START Available data

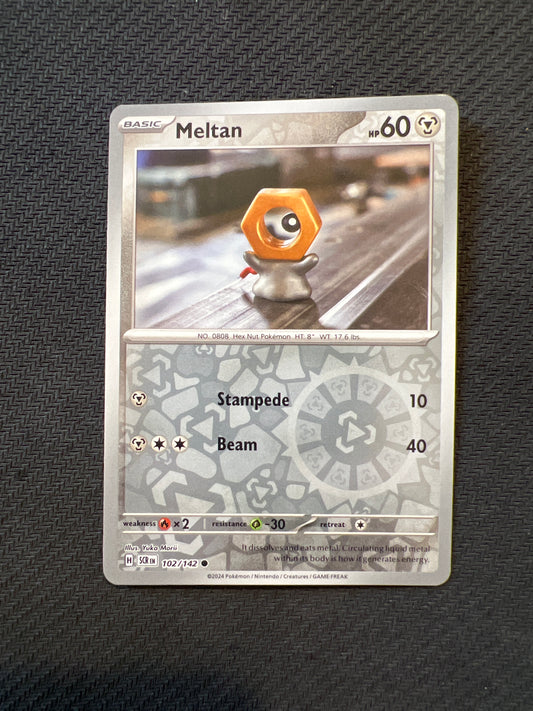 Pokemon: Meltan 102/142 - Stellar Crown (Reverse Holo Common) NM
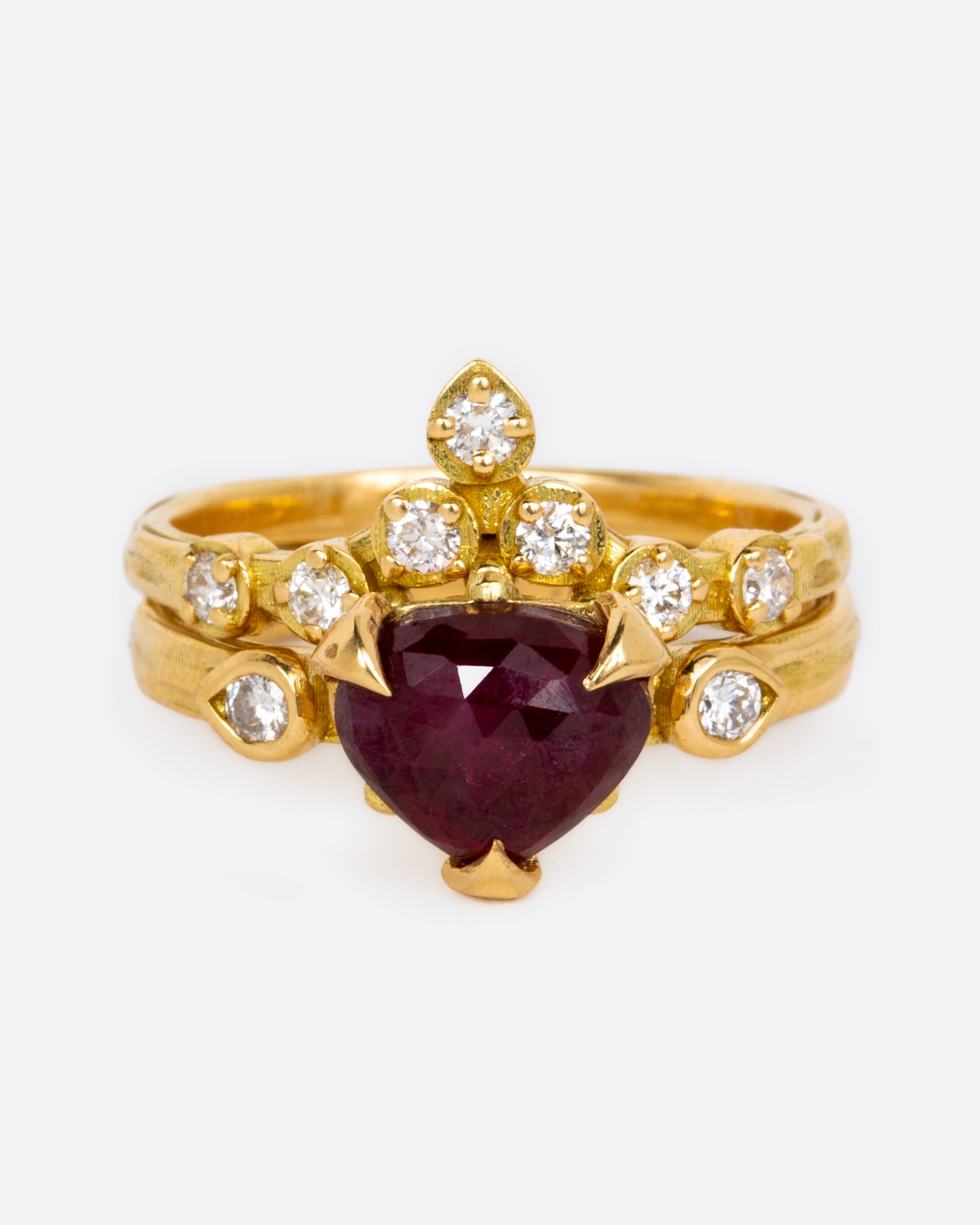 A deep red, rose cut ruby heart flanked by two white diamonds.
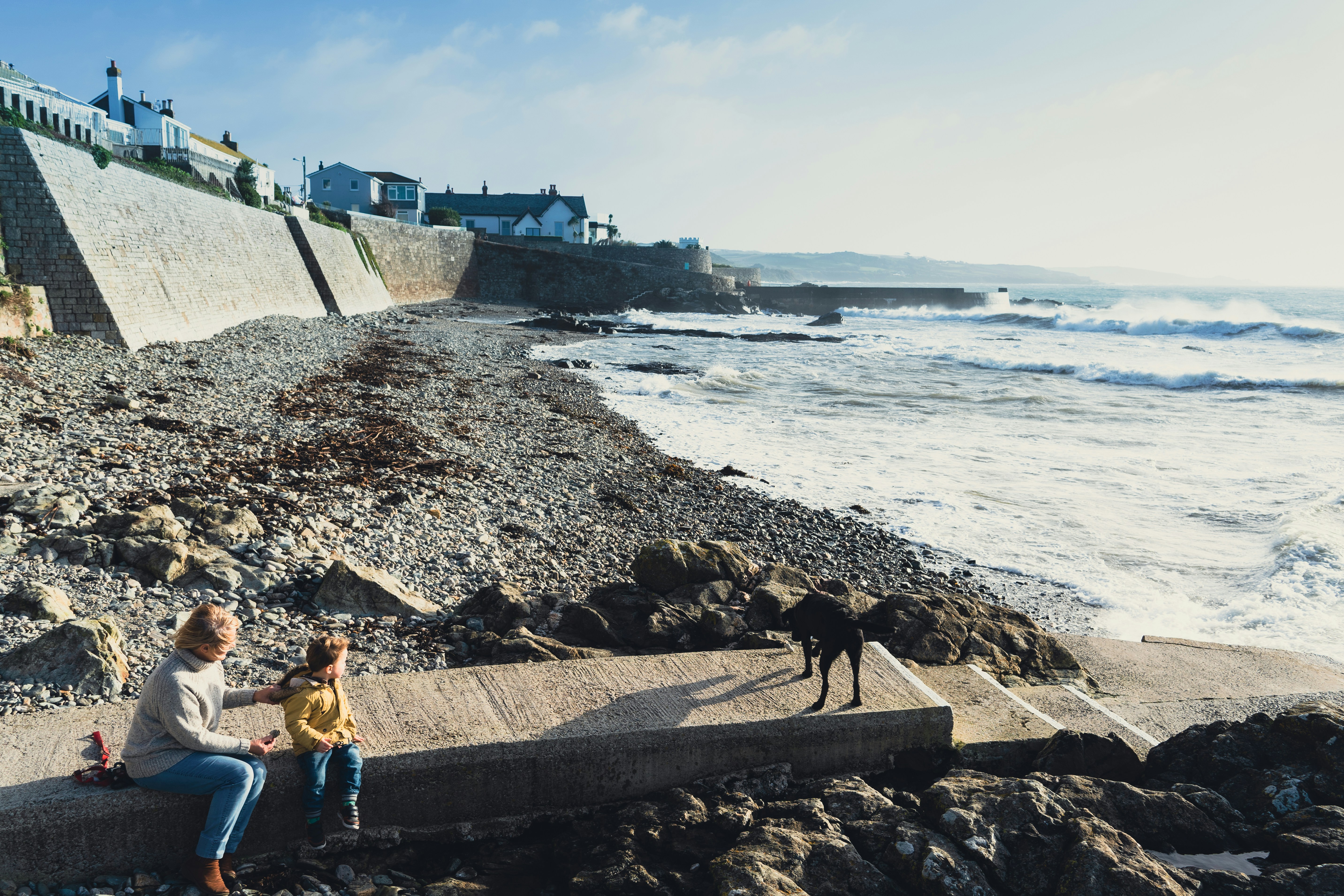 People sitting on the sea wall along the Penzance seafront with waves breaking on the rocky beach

END Available data

Each line of the data must be transcribed exactly; pictures are not carried over.

### Your solution
 Pokemon: Meltan 102/142 - Stellar Crown (Reverse Holo Common) NM
 A deep red, rose cut ruby heart flanked by two white diamonds.
 People sitting on the sea wall along the Penzance seafront with waves breaking on the rocky beach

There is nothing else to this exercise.